> **WHAT YOU ARE ASKED TO DO**: What you write must match, character for character, the lines from the one with "Ragazza che si Veste, XX secolo 1933" down to the one with "Ginori 1735 Diva" in the listing below, minus its pictures.

> **DATA LISTING**:
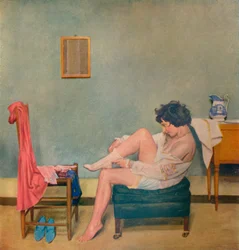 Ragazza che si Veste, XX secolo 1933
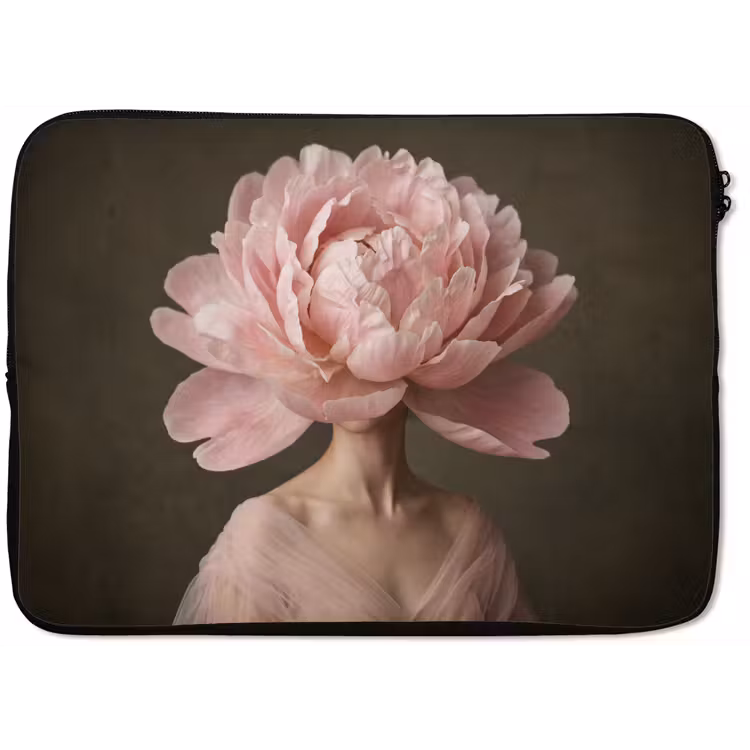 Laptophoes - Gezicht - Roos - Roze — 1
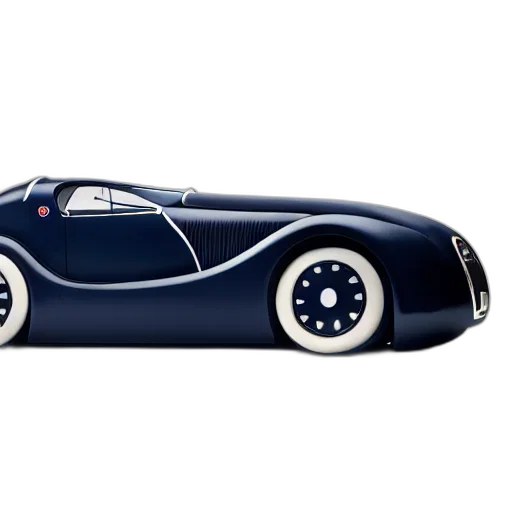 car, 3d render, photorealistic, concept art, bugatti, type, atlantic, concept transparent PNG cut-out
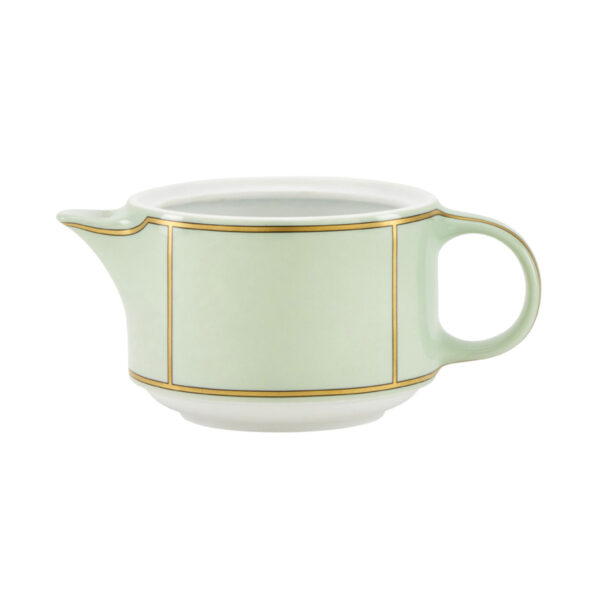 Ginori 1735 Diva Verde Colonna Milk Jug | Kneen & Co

...

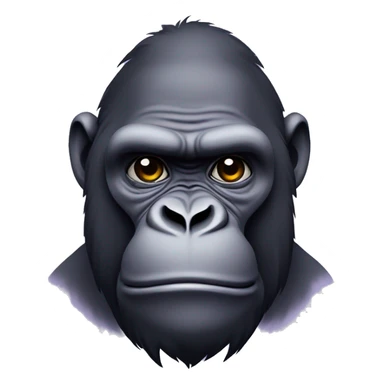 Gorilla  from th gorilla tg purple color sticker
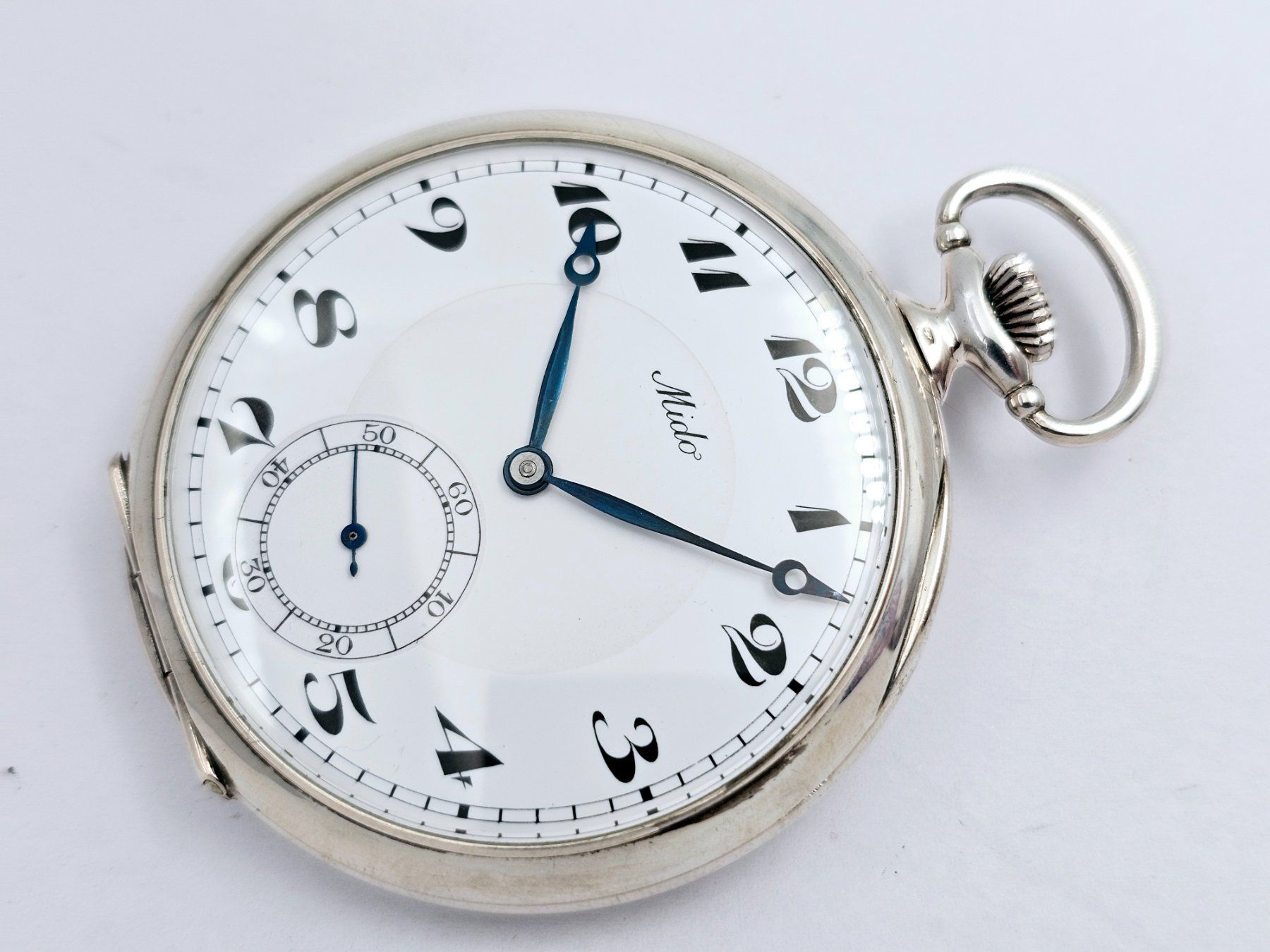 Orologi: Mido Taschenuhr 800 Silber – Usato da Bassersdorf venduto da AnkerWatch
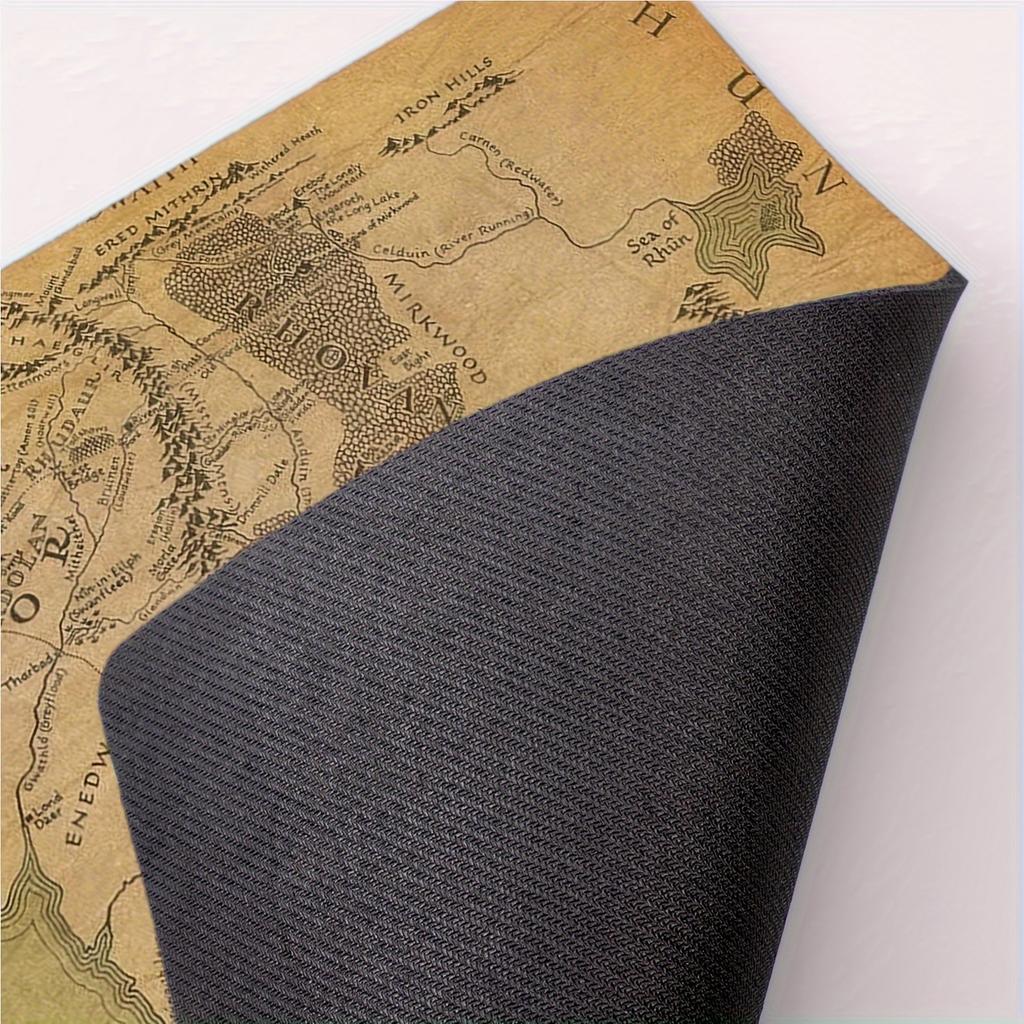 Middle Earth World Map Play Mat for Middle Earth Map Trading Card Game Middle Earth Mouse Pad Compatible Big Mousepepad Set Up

> **OUTPUT OF THE TASK**:
 Ragazza che si Veste, XX secolo 1933
 Laptophoes - Gezicht - Roos - Roze — 1
 car, 3d render, photorealistic, concept art, bugatti, type, atlantic, concept transparent PNG cut-out
 Ginori 1735 Diva Verde Colonna Milk Jug | Kneen & Co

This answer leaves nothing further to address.